• _AIM OF THE EXERCISE_
Please output the listing exactly as it stands, but omit any images.

• _DATASET CONTENT_
+++

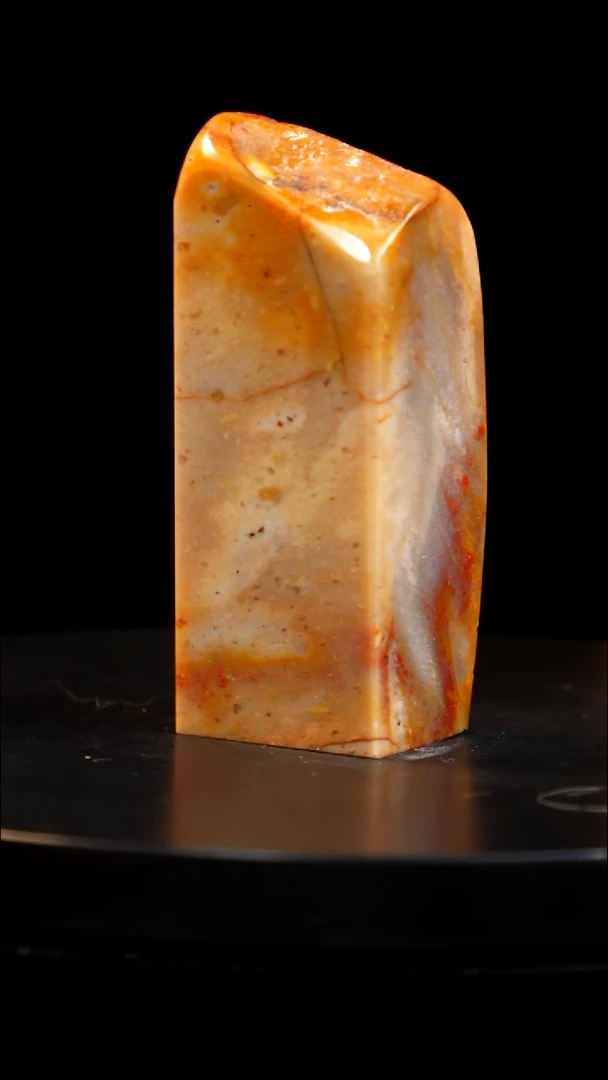 昌化石印章印章印章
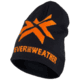 Norfin Northen Star Hat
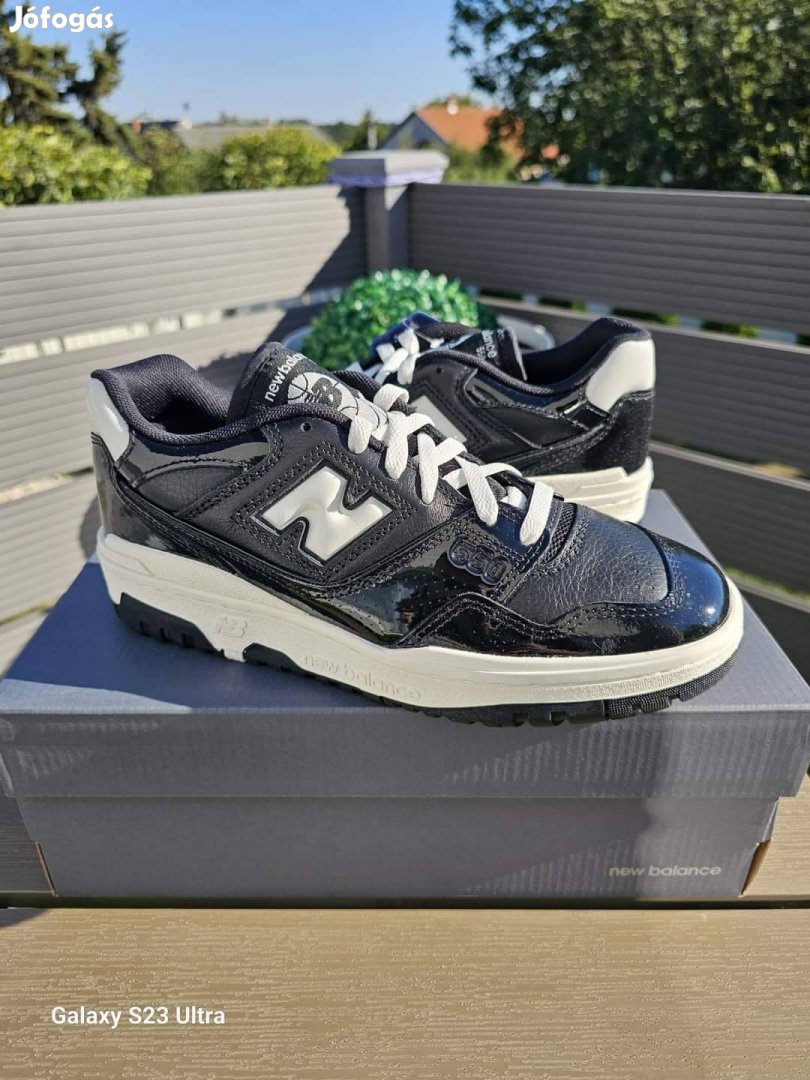 New Balance 550 (Több meret)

+++

• _WRITTEN REPLY_
 昌化石印章印章印章
 Norfin Northen Star Hat
 New Balance 550 (Több meret)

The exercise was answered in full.